In the Name of Junaid?
“Why are you mourning Junaid’s death?” the boy next door was asking me.
Was he asking for an explanation of my act of mourning or a narration of Junaid’s death? I was perplexed. Assuming it was the latter I directed his eyes to a headline in the newspaper. “Oh that recent train killing?” The ease in his tone was chilling. “I’m sure those brothers must have done something wrong. ungali ki hogi, to hum chup baithe kya? Unko lagta hai saari duniya mein aatankwad phaila rahe hain to Bharat me bhi kar payenge. Hum gaumata ka dudh peete hein, yahaan khaate nahi usko… mundi neeche kar hi chalnaa hoga yahaan rahana hai toh!”
I was speechless with this onslaught of words. Each sentence was loaded with prejudice, and hatred, endorsing the stark divide between “him” as a gaumata-ka-dudh peeta beta and “them”’ as the Pakis / the terrorists / the beef eaters.

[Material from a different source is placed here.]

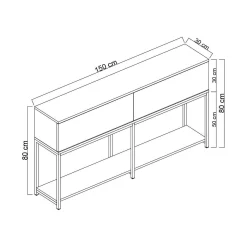 Credenza Basilia, 150x30h80 cm, Bianco e Nero<Dmora Discount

His phallic words spread a wide fault-line on the other side of which I saw him closing his house door behind him.
In a fraction of a second, all my fond memories of him flashed before me – him crawling through the corridor between our two houses… feeding him when his hand was in a plaster… giving him my heartfelt blessings before his exams… gifting him Thoreau’s Life Without Principle just last year on his 21st birthday.
The next second my mind went blank. I felt numb. How was I so completely oblivious to this aspect of his being? Had he been harboring this venom all through our interactions and never spelt it out? Had he grown up conditioned to think these thoughts or was he converted at some stage? Has his world been so monochromatic? Why didn’t he share all these thoughts with me? Probably he never gathered the courage to… But then, why did he spell it out now? Was he suddenly feeling empowered to face me? I heard Freud’s murmur in my ears, “a neighbour is a traumatic intruder.”
When I was young, I was told that the perpetrators of heinous acts were evil people and even embracing such thoughts was monstrous. But this boy is not an archetypal monster. The attackers of Junaid were not monsters either; they were just ordinary train passengers like him and me. What is entrenched in us as humans – the violence or being away from it? It was a moment of revelation for me when I realised that he was who I was not… or maybe he is who he is because of me who he is not!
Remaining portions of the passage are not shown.